1 Completely random measures
See Kingman (1967) for the OG introduction. Foti et al. (2013) summarises:
A completely random measure (CRM) is a distribution over measures on some measurable space \(\left(\Theta, \mathcal{F}_{\Theta}\right)\), such that the masses \(\Gamma\left(A_{1}\right), \Gamma\left(A_{2}\right), \ldots\) assigned to disjoint subsets \(A_{1}, A_{2}, \cdots \in \mathcal{F}_{\Theta}\) by a random measure \(\Gamma\) are independent. The class of completely random measures contains important distributions such as the Beta process, the Gamma process, the Poisson process and the stable subordinator.

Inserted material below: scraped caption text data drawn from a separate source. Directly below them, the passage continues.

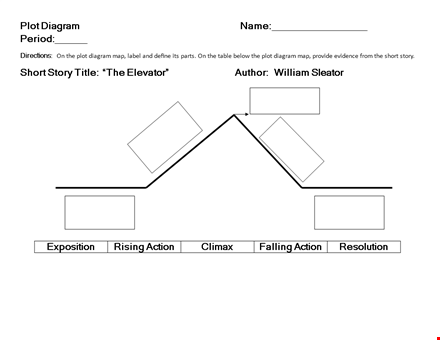 create a gripping story with our plot diagram template - characters and martin included! template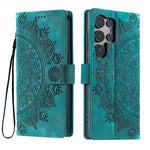 Samsung Galaxy - Stylish Pattern Leather Look Flip Case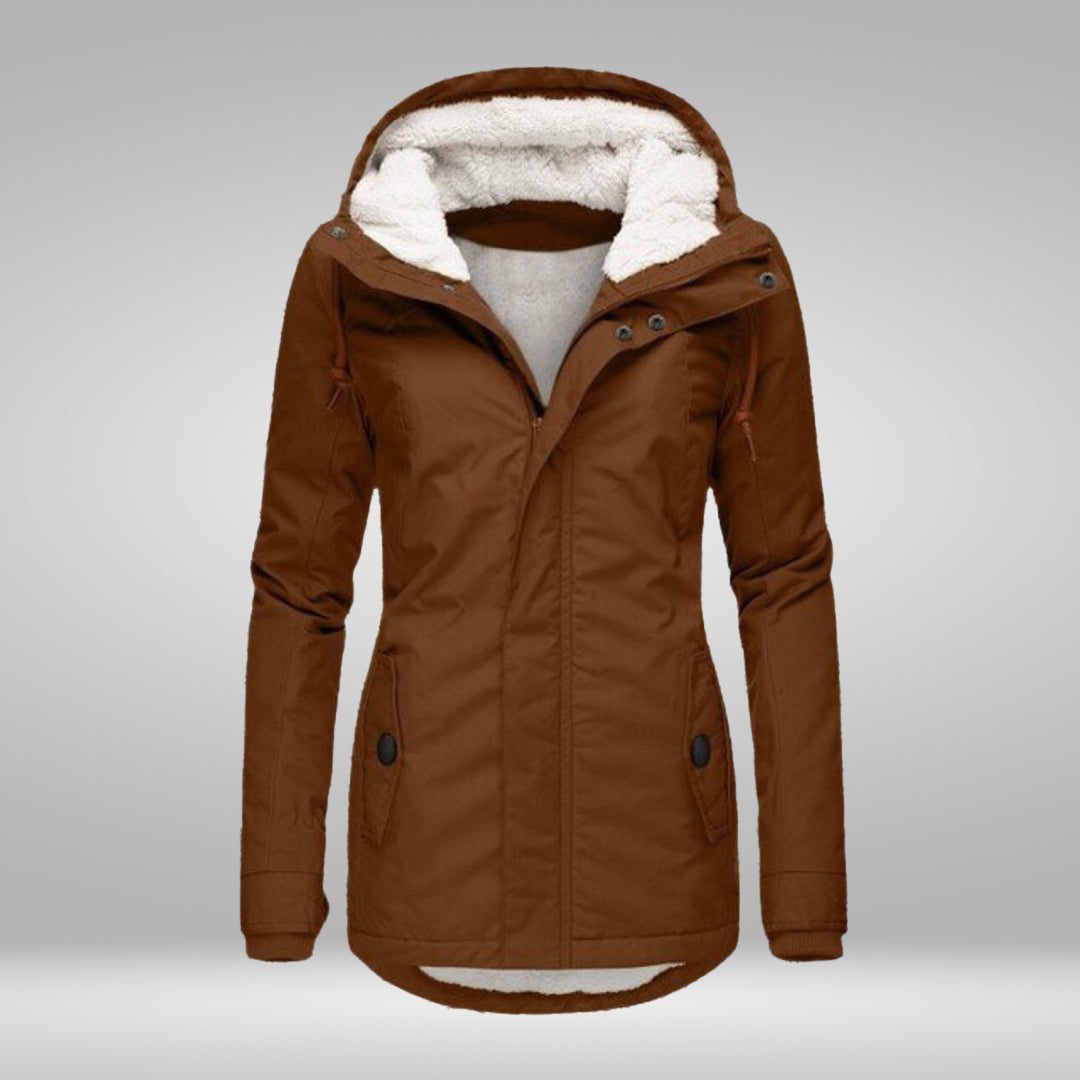 Gewatteerde Winterjas met Sherpa Capuchon voor Dames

AFAICT any subordinator will do, i.e. any a.s. non-decreasing Lévy process.
TBC
2 Dirichlet processes
Random locations plus random weights give us a Dirichlet process. Breaking sticks, or estimation of probability distributions using the Dirichlet process. I should work out how to sample from the posterior of these. Presumably, the Gibbs sampler from Ishwaran and James (2001) is the main trick.
3 Using Gamma processes
4 Random coefficient polynomials
As seen in random spectral measures. TBC
5 For categorical variables
6 Pitman-Yor
7 Indian Buffet process
8 Beta process
As seen, apparently, in survival analysis (Hjort 1990; Thibaux and Jordan 2007).
9 Other
Various transforms of Gaussian processes seem popular, e.g. squared or exponentiated. These always seem too messy to me.